04.08.2023 | Literary history

‘Invisible’ Poem by W.H. Auden Reconstructed

With the use of computer-vision technologies, researchers at the Austrian Academy of Sciences (OeAW) have been able to recover a previously unknown version of a poem by the British-American writer W. H. Auden, who died in Vienna in 1973.

The previously unknown version of Auden's poem “Epithalamium” was written to mark the occasion of his niece Rita's wedding in 1965. © OeAW/Daniel Hinterramskogler

It was a chance discovery made by Timo Frühwirth and Sandra Mayer, literary historians at the Austrian Academy of Sciences (OeAW). While working on a digital edition of the British-American poet W. H. Auden's correspondence with the Welsh-Austrian writer and journalist Stella Musulin, they noticed colourless indented typewriter impressions of lines of poetry contained in two documents. Through the use of computer-vision technologies, a previously unknown version of an Auden poem has now been reconstructed.

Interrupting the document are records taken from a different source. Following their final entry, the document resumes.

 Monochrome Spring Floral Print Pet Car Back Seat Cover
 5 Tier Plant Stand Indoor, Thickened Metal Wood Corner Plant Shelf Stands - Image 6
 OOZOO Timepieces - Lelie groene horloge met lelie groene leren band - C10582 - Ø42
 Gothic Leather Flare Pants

Further Discoveries Possible

This sensational discovery has far-reaching significance, not only for international Auden research. The impressions result from the papers’ original use as ‘backing sheets’, which were inserted into a typewriter below those sheets of paper on which Auden typed his poetry. "This was a common practice in the typewriter age," says Sandra Mayer, "I expect that we will discover many more such sheets in Auden's archival papers. Moreover, this could also be relevant with regard to other 20th-century authors."

The newly discovered text is a previously unknown, otherwise lost, early version of "Epithalamium", a wedding poem Auden wrote to mark the occasion of his niece Rita's wedding in 1965. "Based on diary entries, we think that this is the first version of the poem he typed on a typewriter. He had initially written his notes in pencil. This helps us to analyse the way in which Auden worked poetically," says Mayer.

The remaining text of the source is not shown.